Daniel E. Troy, lead counsel for the U.S. Food and Drug Administration, extended the government's help in torpedoing certain lawsuits. Among Troy's targets: claims that medications caused devastating and unexpected side effects.
Pitch us lawsuits that we might get involved in, Troy told several hundred pharmaceutical attorneys, some of them old friends and acquaintances from his previous role representing major U.S. pharmaceutical firms.
The offer by the FDA's top attorney, made Dec. 15 at the Plaza Hotel, took the agency responsible for food and drug safety into new territory.
"The FDA is now in the business of helping lawsuit defendants, specifically the pharmaceutical companies," said James O'Reilly, University of Cincinnati law professor and author of a book on the history of the FDA. "It's a dramatic change in what the FDA has done in the past."

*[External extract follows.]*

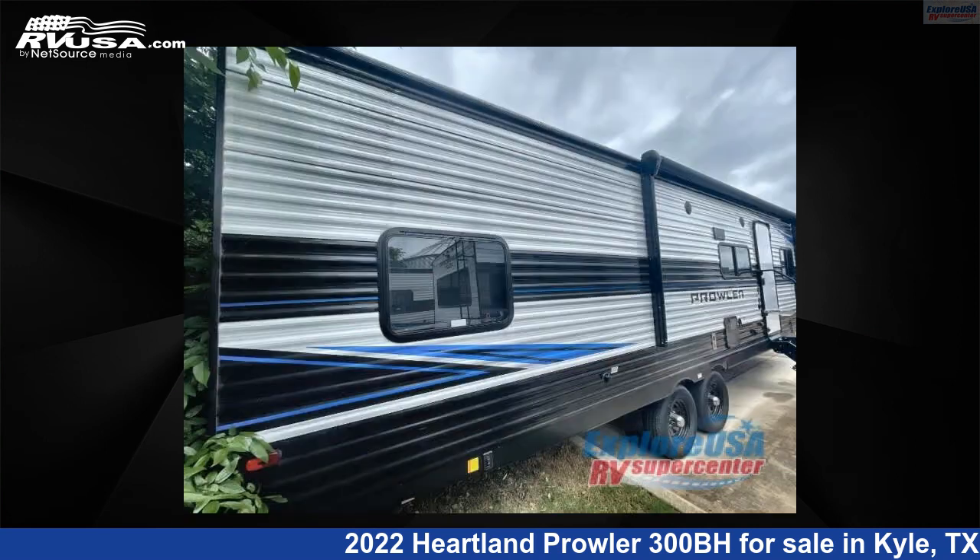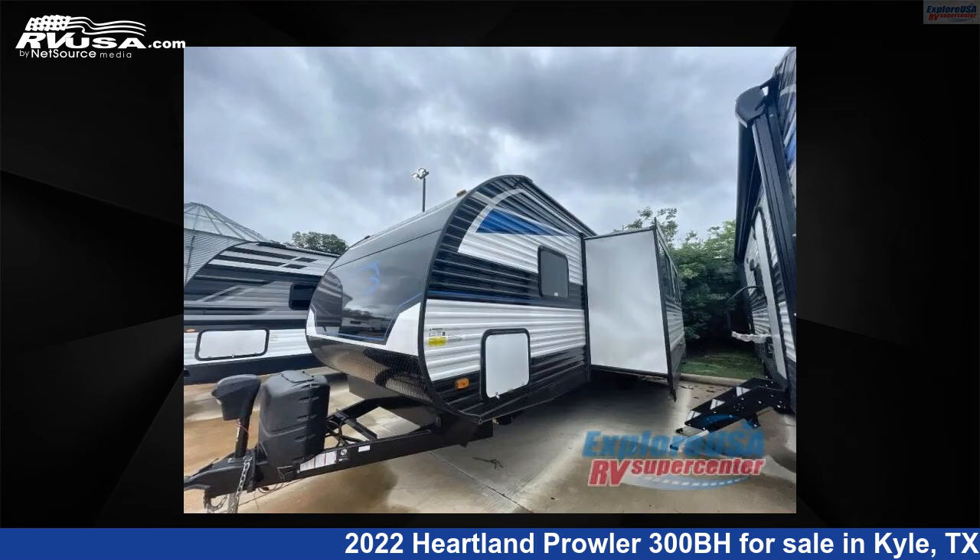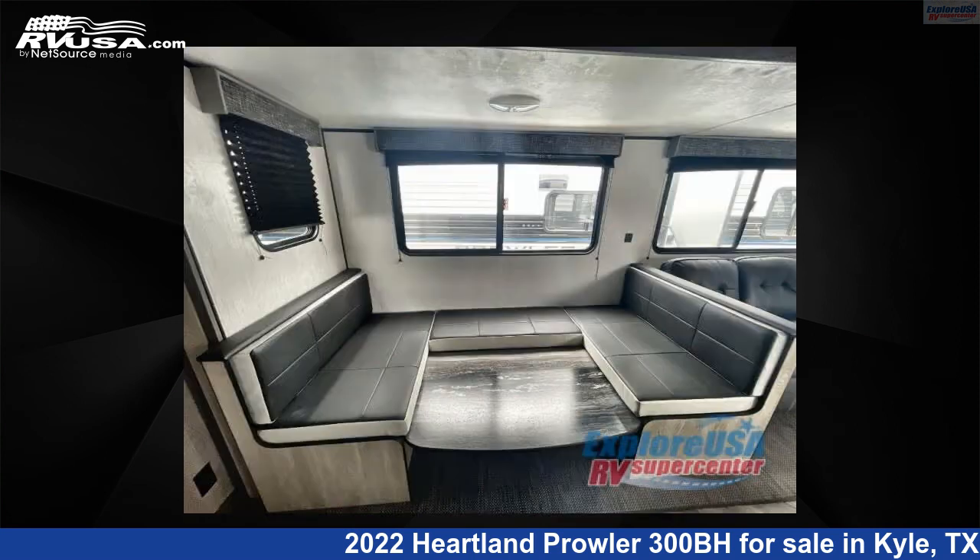This new Heartland is 34 feet 0 inches in length and features one slide-out, sleeps nine, and 41 gallons fresh water capacity. The floor plan layout of this travel trailer features bunkhouse, front bedroom, and U-shaped dinette.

Troy's switch from industry advocate to industry regulator overseeing his former clients is a hallmark of President Bush's administration.
Troy is one of more than 100 high-level officials under Bush who helped govern industries they once represented as lobbyists, lawyers or company advocates, a Denver Post analysis shows.[emphasis mine --LRC]
Props to the Enterprise Ethics Weblog (I would provide a link, but it's a very non-standard URL that Greymatter isn't parsing correctly for some reason) for the reference.